_PROBLEM DESCRIPTION:_
Set down every entry exactly as it stands, omitting any picture.

_RECORDS SHOWN:_
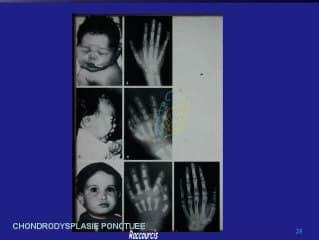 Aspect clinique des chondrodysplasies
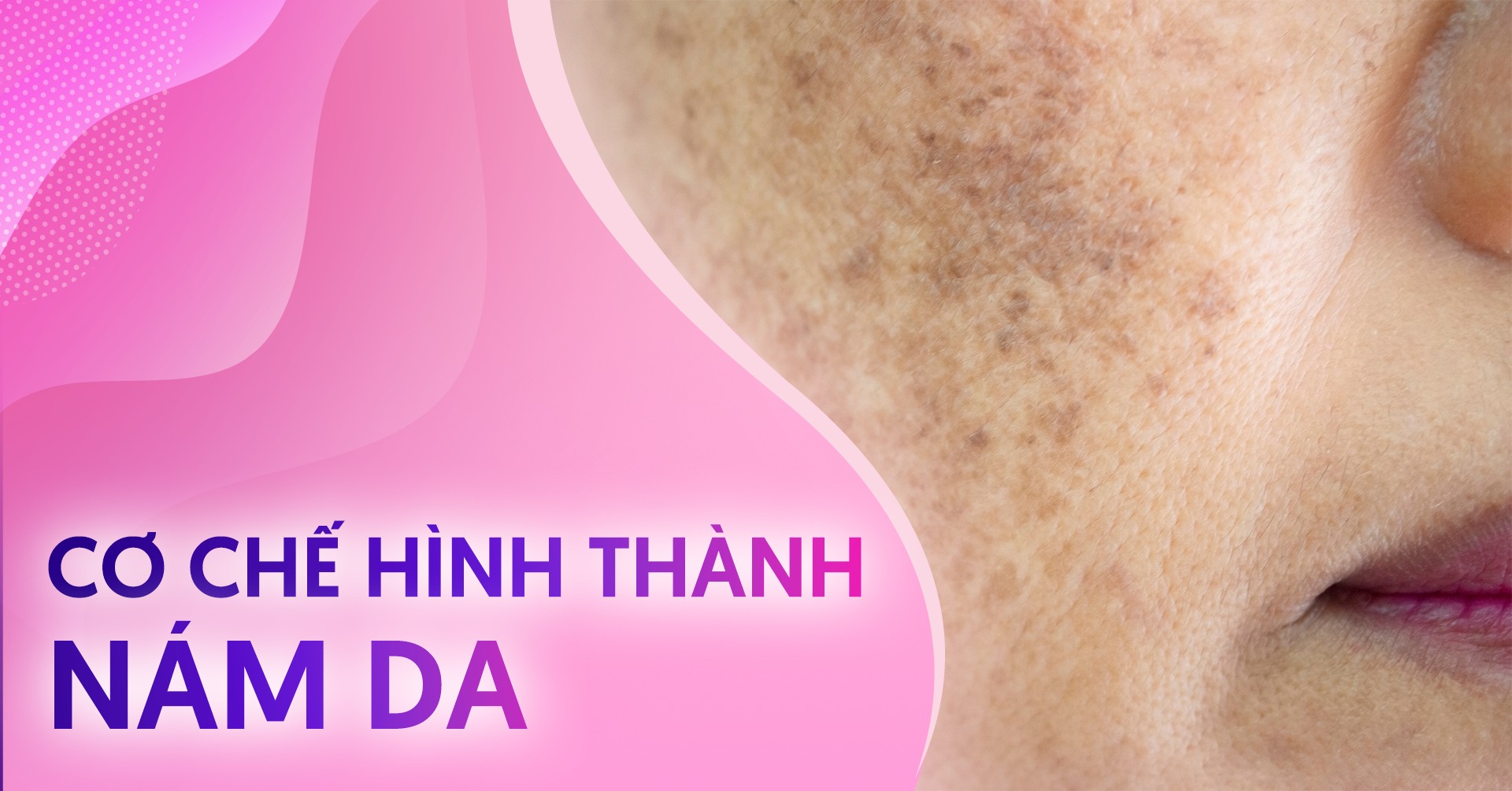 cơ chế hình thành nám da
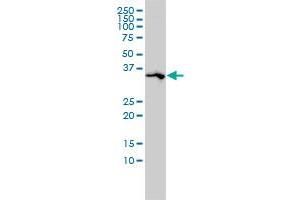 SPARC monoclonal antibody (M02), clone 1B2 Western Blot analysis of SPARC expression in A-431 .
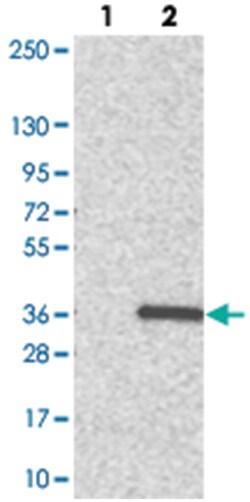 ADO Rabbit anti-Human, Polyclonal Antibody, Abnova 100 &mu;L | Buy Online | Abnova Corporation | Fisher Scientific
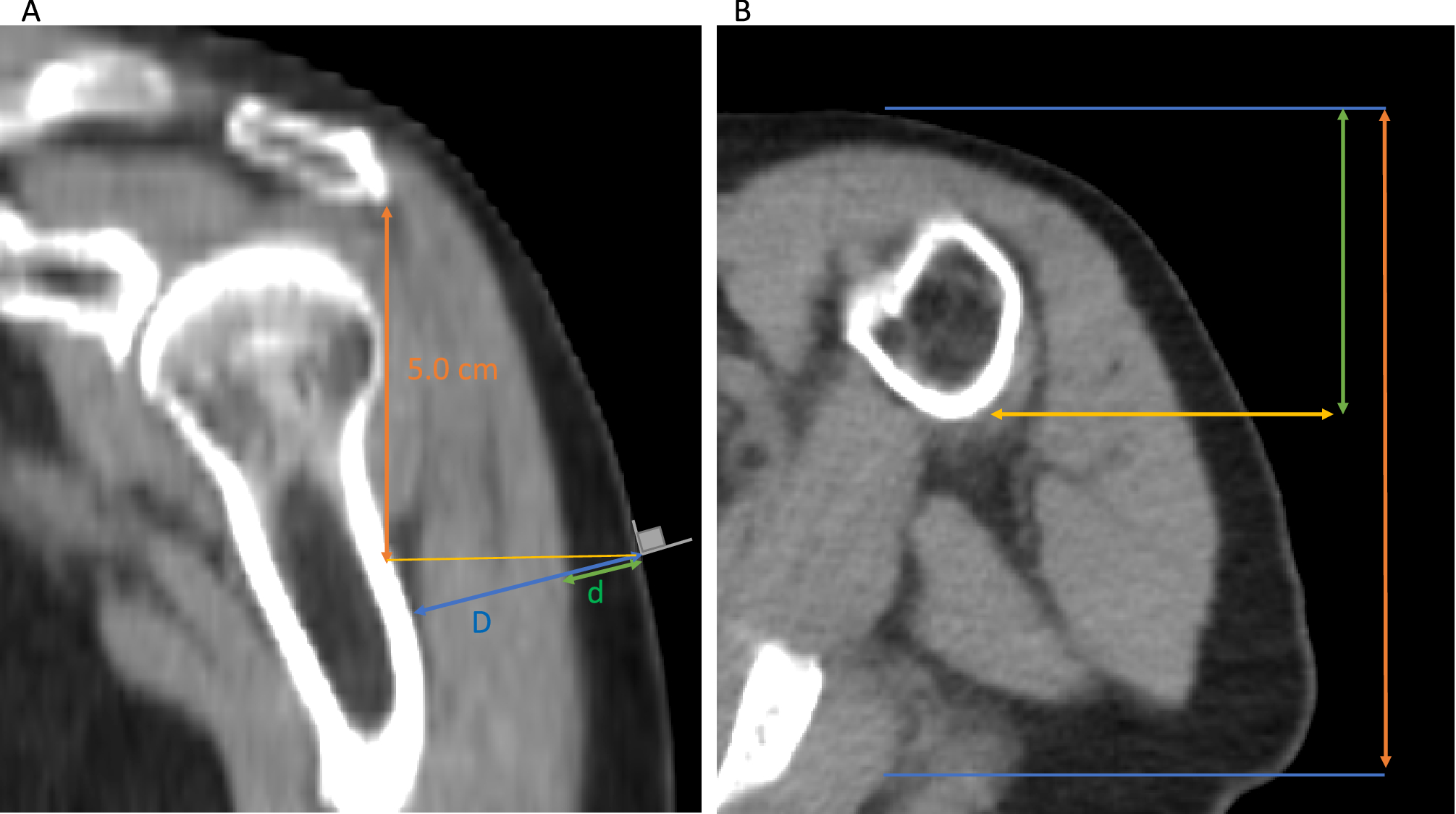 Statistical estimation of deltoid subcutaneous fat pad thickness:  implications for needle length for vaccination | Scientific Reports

_RESPONSE TO THE TASK:_
 Aspect clinique des chondrodysplasies
 cơ chế hình thành nám da
 SPARC monoclonal antibody (M02), clone 1B2 Western Blot analysis of SPARC expression in A-431 .
 ADO Rabbit anti-Human, Polyclonal Antibody, Abnova 100 &mu;L | Buy Online | Abnova Corporation | Fisher Scientific
 Statistical estimation of deltoid subcutaneous fat pad thickness:  implications for needle length for vaccination | Scientific Reports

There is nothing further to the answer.